About this exercise: Only the lines from the first line of the entries through the line with "16 Richmond Avenue, Karori, Wellington" belong in the answer, each restated word for word and without pictures.

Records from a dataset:
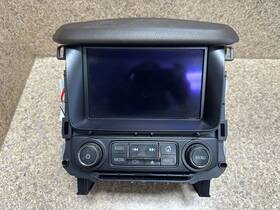 638-07867 Chevrolet 15 Tahoe Am Fm Radio Control Panel Oem Lkq
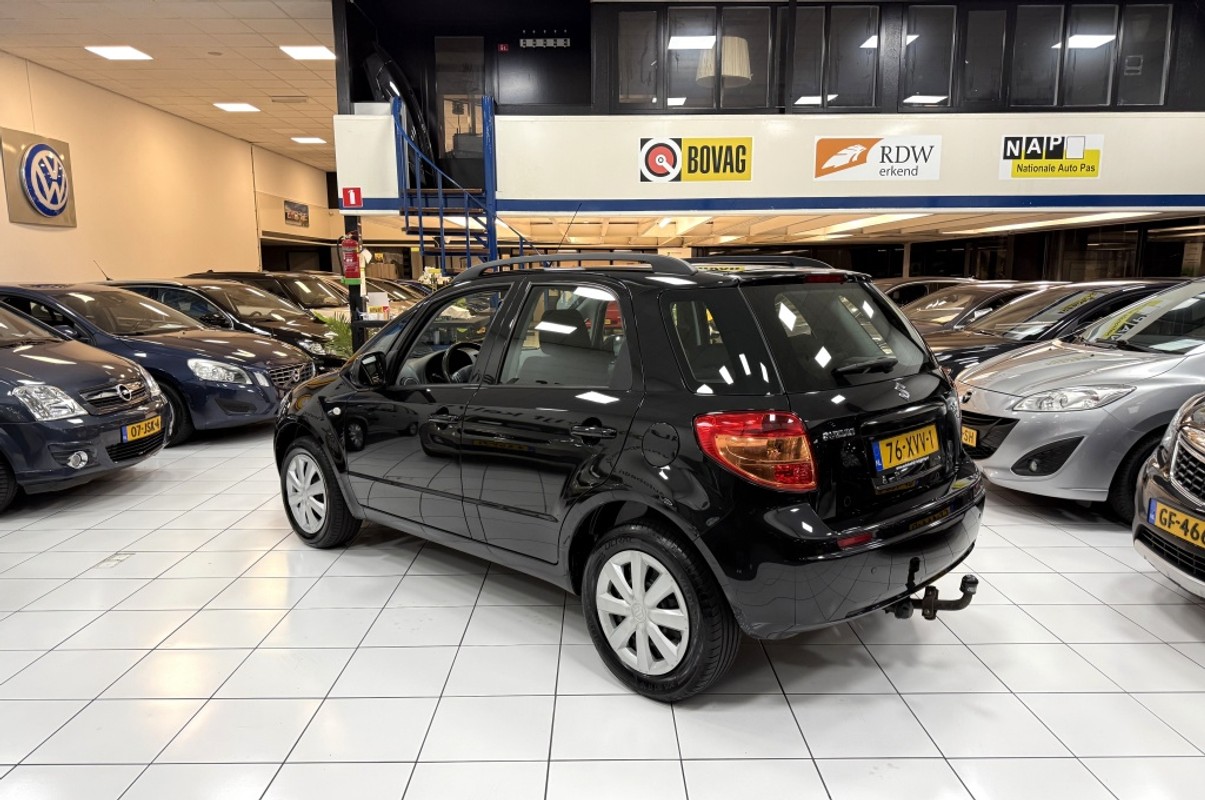 Suzuki SX4
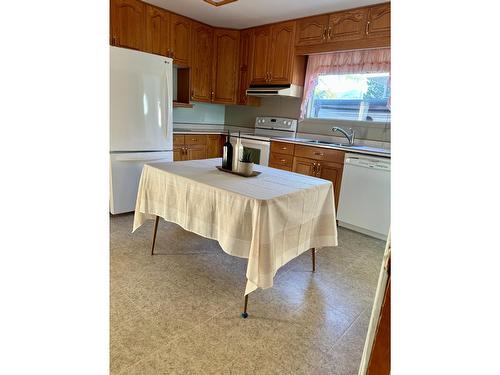 554 Church Avenue, Kimberley, BC - Indoor Photo Showing Kitchen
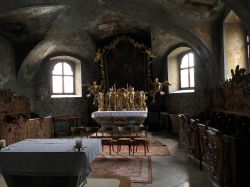 010 Retz Kirche Altar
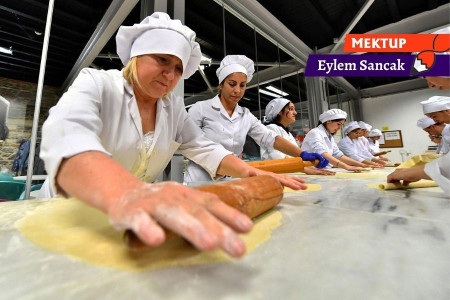 Bir gıda fabrikasından notlar: Banttan öfke, umut ve dayanışma akıyor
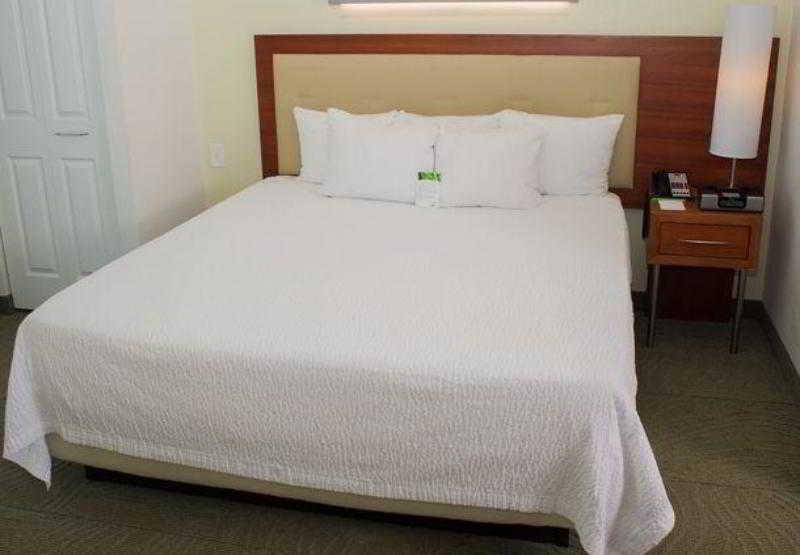 Springhill Suites Hampton Εξωτερικό φωτογραφία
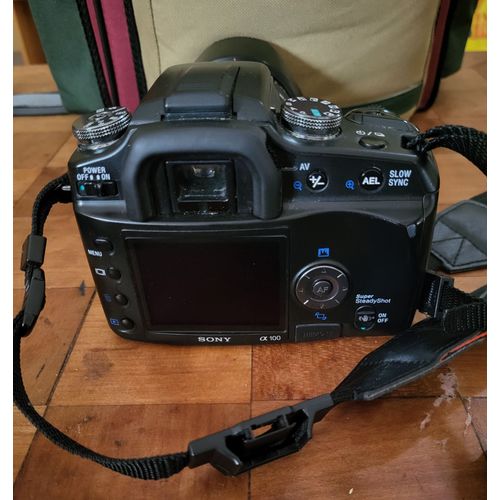 Boitier Sony Alpha 100 10 mpix + Objectif 18-200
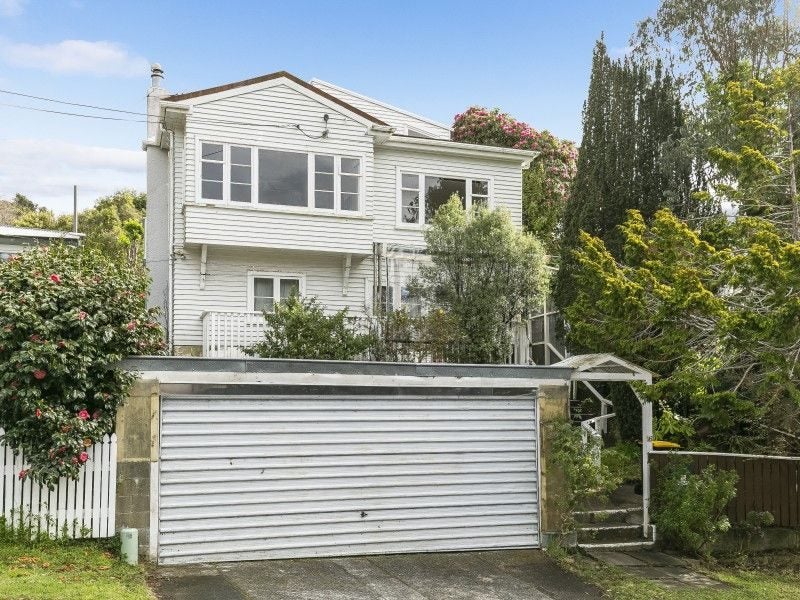 16 Richmond Avenue, Karori, Wellington - Carousel 2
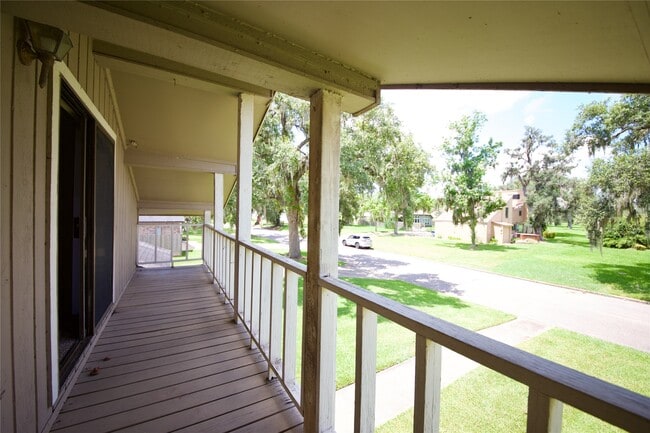 Building Photo - 2109 Riverside Dr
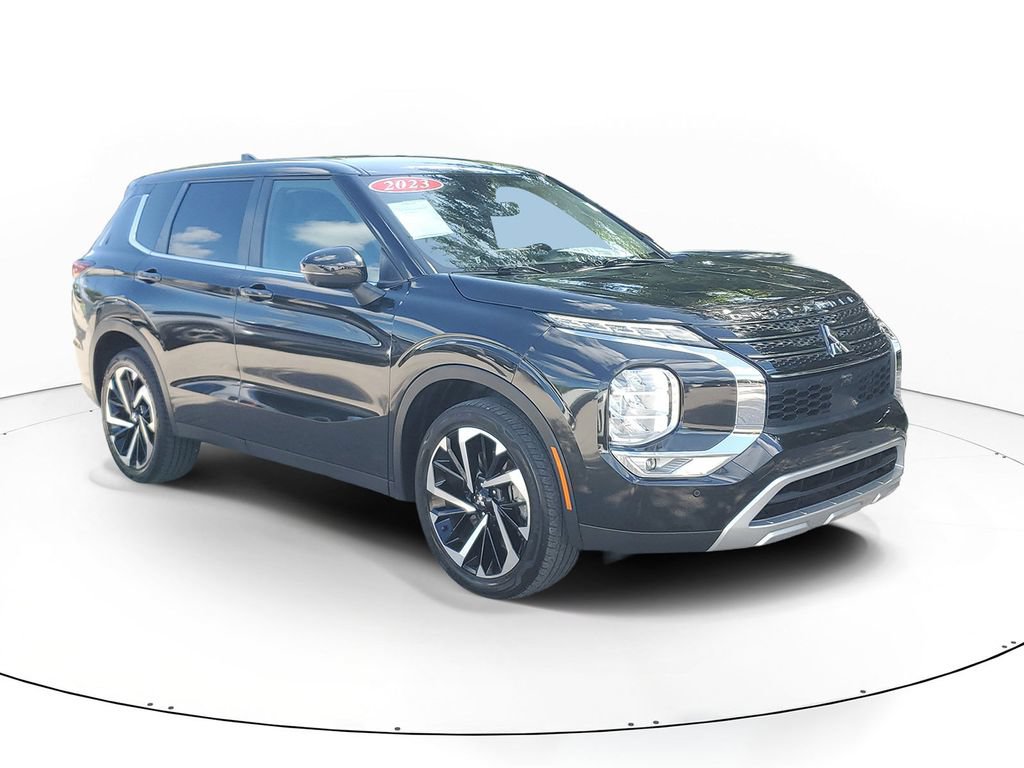 Used 2024 Mitsubishi Outlander SE FWD video 1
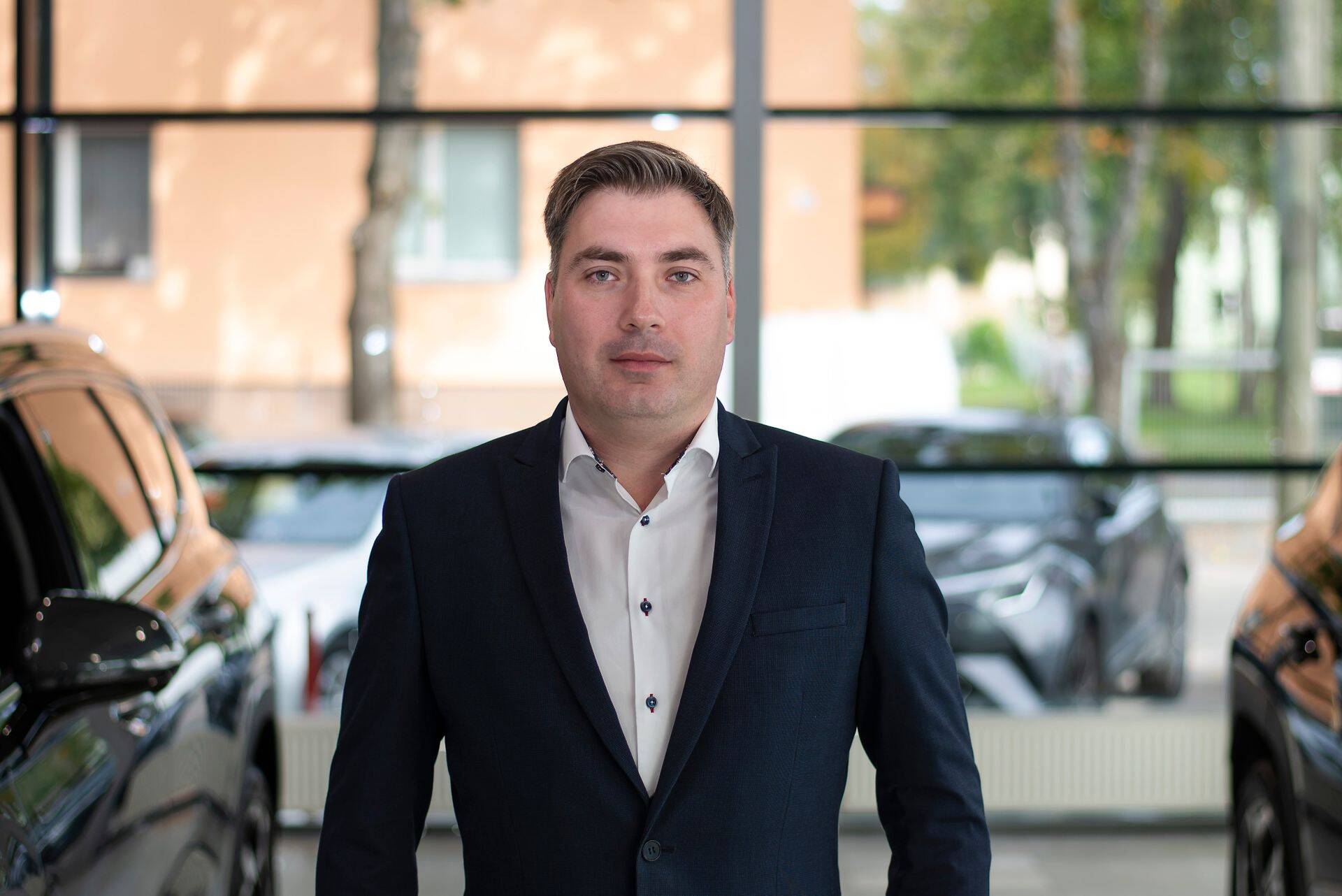 Pуководителя по продажам Topauto Янек Эскор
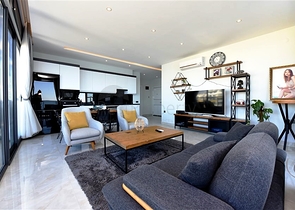 شقة من غرفتي نوم مع إطلالة بانورامية على البحر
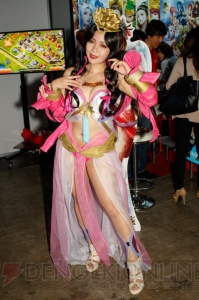 イベントを華やかに彩るコンパニオンさんの写真をお届け【TGS2015】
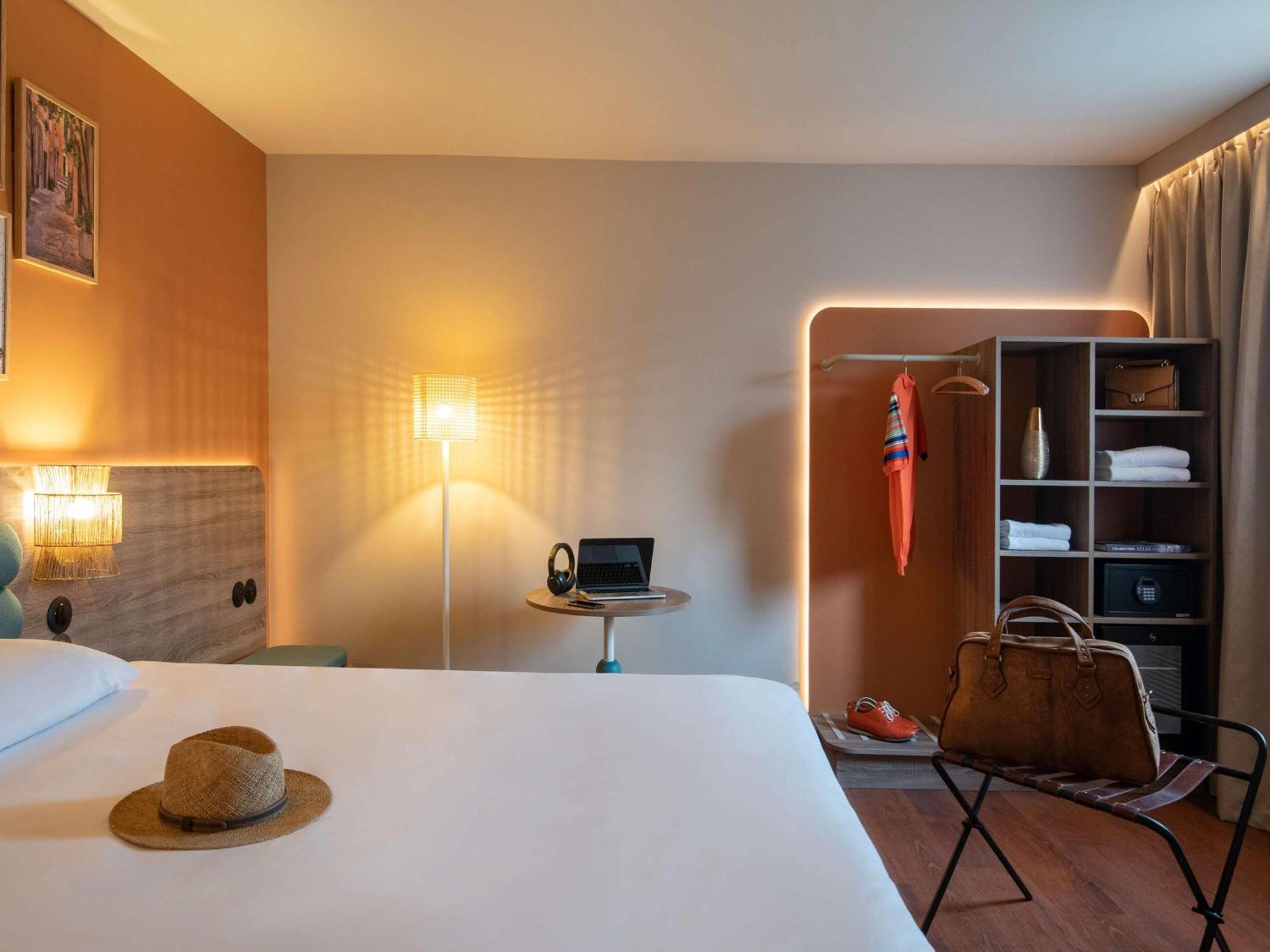 Ibis Golfe De Saint-Tropez Hotel โคโกแล็ง ภายนอก รูปภาพ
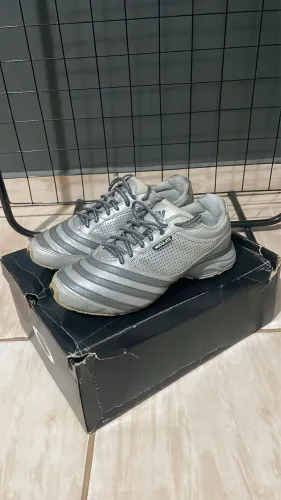Tênis Adidas Modulate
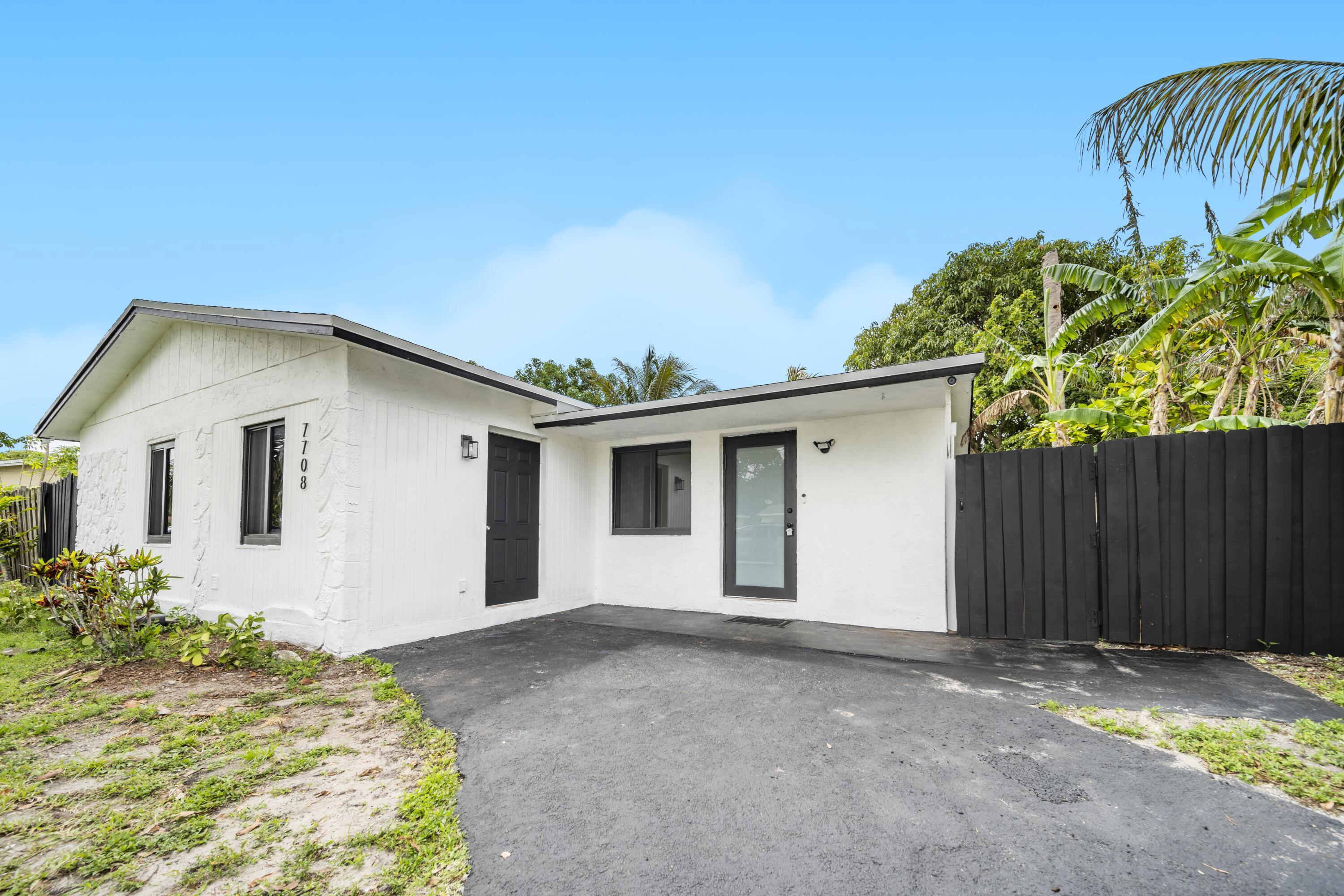 7708 SW 9th Street, North Lauderdale, FL 33068, North Lauderdale - Photo 4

Reply:
 638-07867 Chevrolet 15 Tahoe Am Fm Radio Control Panel Oem Lkq
 Suzuki SX4
 554 Church Avenue, Kimberley, BC - Indoor Photo Showing Kitchen
 010 Retz Kirche Altar
 Bir gıda fabrikasından notlar: Banttan öfke, umut ve dayanışma akıyor
 Springhill Suites Hampton Εξωτερικό φωτογραφία
 Boitier Sony Alpha 100 10 mpix + Objectif 18-200
 16 Richmond Avenue, Karori, Wellington - Carousel 2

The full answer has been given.